Baja mempunyai sejumlah sifat yang membuatnya menjadi baqhan bangunan yang sangat berharga. Beberapa sifat baja yang penting adalah: kekuatan, kelenturan, kealotan, kekerasan dan ketaqhan terhadap korosi. Baja mempunyai daya tarik, lengkung, dan tekan yang sangat besar. Pada setiap partai baja, pabrikan baja menandai beberapa besar daya kekuatan baja itu. Pabrikan baja misalnya, memasukan satu partai baja batangan dan mencatumkan pada baja itu Fe 360. Di sini Fe menunjukan bahwa partai itu menunjukkan daya kekuatan (minimum) tarikan atau daya tarik baja itu.

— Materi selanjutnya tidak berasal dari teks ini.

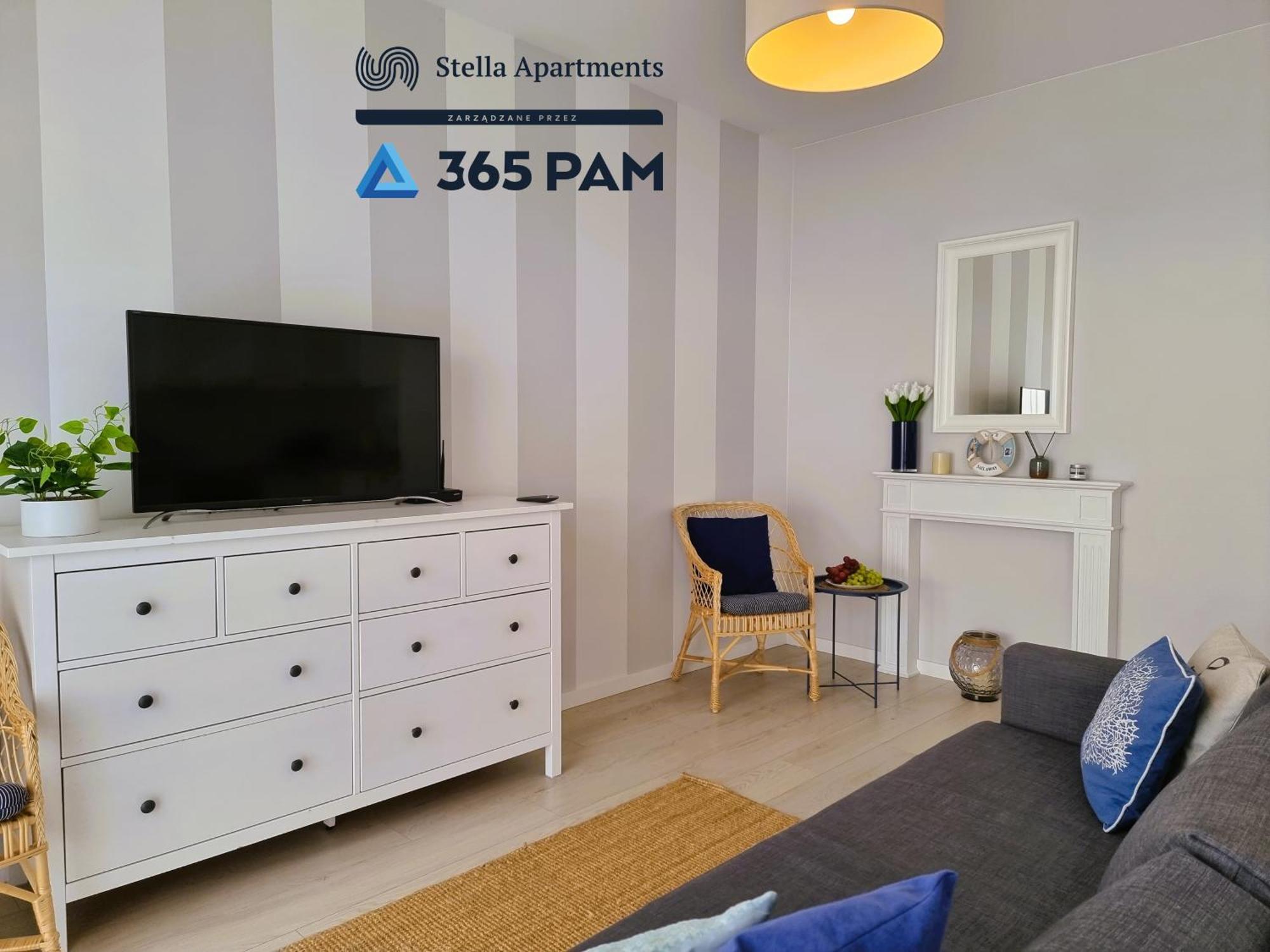 Marina I Dom Rodzinny - Basen Zewnetrzny, Kort Tenisowy, Silownia, Plac Zabaw, Boisko - 365Pam Ustronie Morskie Ngoại thất bức ảnh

Yang dimaksud dengan istilah tersebut adalah gaya tarik N yang dapat dilakukan baja bergaris tengah 1 mm2 sebelum baja itu menjadi patah. Dalam hal ini daya tarik itu adalah 360 N/mm2. Dahulu kita mencantumkan daya tarik baja itu Fe 37,  karena daya tariknya adalah 37 kgf/mm2. Karena mengandung sedikit kadar karbon, maka semua jenis baja mempunyai daya tarik yang kuat. Oleh karna daya tarik baja yang kuat maka baja dapat menahan berbagai tegangan, seperti tegangan lentur.